My semiannual lectures about data-driven marketing at Cornell’s Johnson Graduate School of Management are just as much an education for me as for the students because they help me stay in touch with the evolving mindset of next-generation marketers. As you’d expect, students typically get exposed to the traditional marketing funnel. What they often don’t learn, however, is that our fast-evolving digital world has rendered it obsolete. It’s time for a change.
An iconic model
The traditional conversion funnel—the iconic model guiding marketing decisions—was first introduced in 1925, just a handful of years after the earliest radio stations were built. Television was in the distant future, and computers and digital breakthroughs weren’t even a figment of anyone’s imagination.
The marketing funnel provided a graphical model of a linear process with a limited number of channels to engage and persuade a consumer. At the wide end of the funnel, brands competed for the attention of prospective customers, and the conversion occurred at the narrow bottom. Of the larger universe of consumers who were introduced to a brand, it suggested—quite accurately—that only a few were likely to purchase. To its credit, the traditional marketing funnel offered us a serviceable model for developing strategies and allocating investments across the marketing mix to drive conversions for many decades.

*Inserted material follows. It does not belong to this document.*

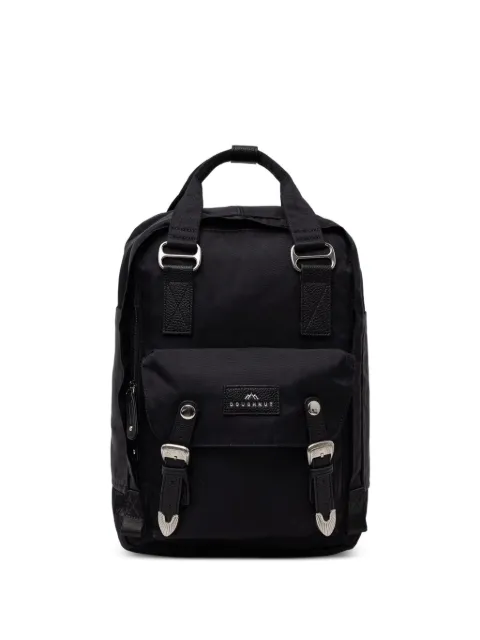 Doughnut Macaroon The Mystic Club Series buckle-detail backpack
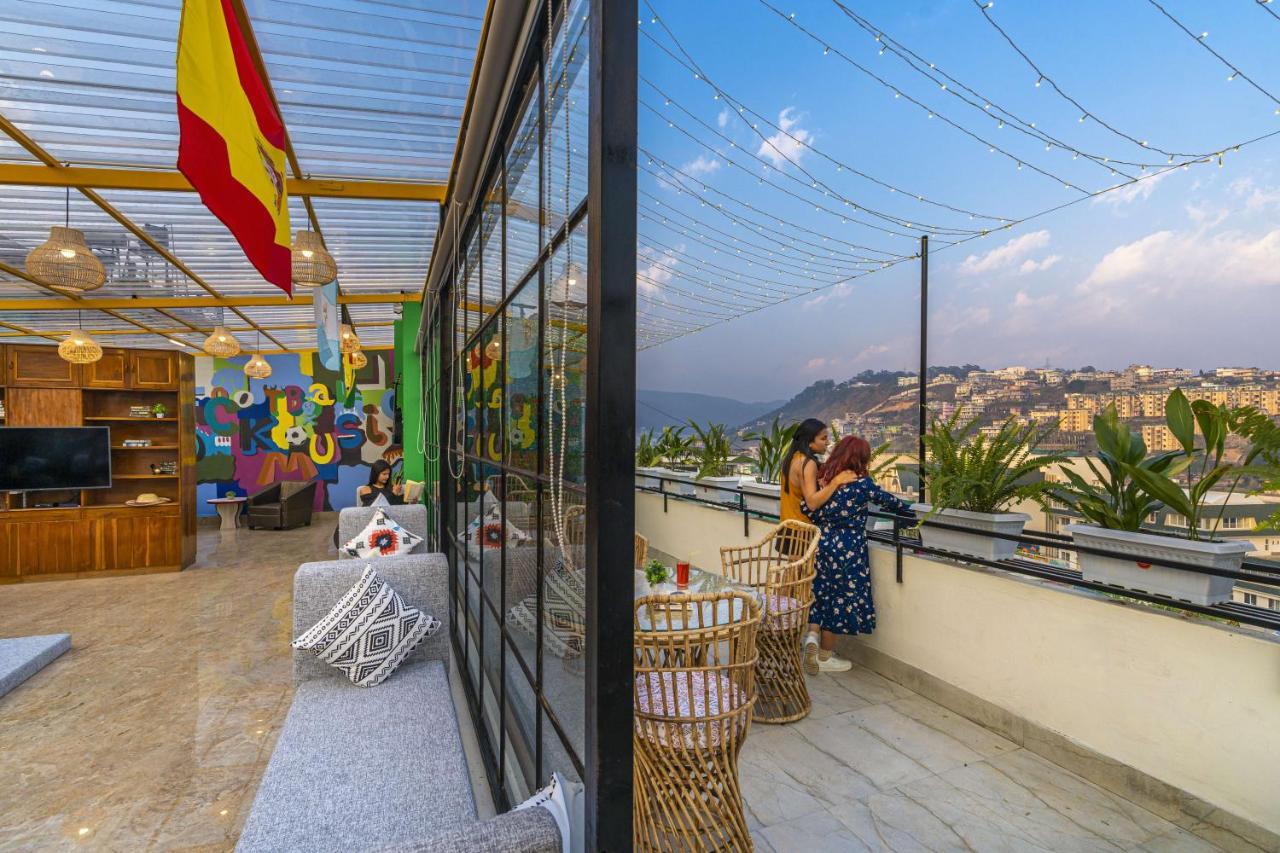 Zostel Shillong Hostel Kültér fotó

Fast-forward to our digital world with an ever-growing number of marketing channels, digital platforms and media. The danger of using the traditional marketing funnel to guide planning and actions is that it’s no longer accurate. Consumers no longer follow a linear path from awareness to action. The customer journey inevitably involves online digital engagement, along with offline interaction in stores or call centers. We only have to watch our own behavior when a product or service catches our attention: We begin to research brands across platforms, peruse comments and complaints on Facebook or Twitter, and finally make a purchase online, through a call center or by visiting a store. What is needed is a model that mirrors this increasing complexity.
Split-funnel attribution for the digital world
The proliferation of digital platforms has forever changed consumer engagement with businesses, and the emerging models, tools and methodologies make it possible to most effectively take advantage of the new engagement media.
Let’s start with attribution. Making good marketing decisions requires an understanding of what marketing actions trigger, which results in the continuum stretching from capturing someone’s attention all the way to a decision to purchase. That’s the science of attribution: You need to recognize the combined value of the marketing mix—across data silos, at every digital touch point and throughout the customer lifecycle. This is essential to driving smarter marketing programs that yield higher ROI.
The split-funnel attribution model gives marketers better insight into how each channel contributes to conversions by linking it to impression, click and conversion data. This approach literally splits the funnel between “prospecting” and “retargeting” activities to deliver better insights into the effectiveness of each stage.
Let’s take the example of someone shopping for new hiking gear. In browsing websites, he may click on banner ads for new boots that trigger a process of retargeting as the brand gathers browsing information. Under old models of attribution, the importance of awareness activities higher in the funnel (like clicks on a banner ad) rarely received the credit needed to give marketers insight into strategy. Rather, the tendency was to give disproportionate “credit” for customer conversions to “last click” activities, ignoring the prospecting activities going on in advance.
In addition, the customer journey is made even more complex because of the number of vendors touching your brand’s data. Your search agency, for example, has one view of your data while your display agency has another. It can be difficult to get a true picture of the customer journey when different agencies and partners are buying media for you.
The split-funnel attribution provides a model for organizing the data and insights required to trigger retargeting so that your brand can engage a consumer more effectively at the later stages to further the buying process, and it gives marketers solutions to a number of problems, such as:
- Avoiding paying duplicate vendor credits
- Accurately giving credit for consumer activities and purchases
- Identifying the best channels or marketing strategies to invest in
- Gaining insight into the combinations of influences leading to a sale
This is exactly why it is time to revisit the traditional marketing funnel. It’s still all about determining the best marketing mix that delivers the right offers, at the right time, on the right platform, and to the right audience to achieve desired conversion rates. We simply need to re-examine the models and tools to ensure that they reflect the reality of today’s complex customer journey. Not surprisingly, my students agree.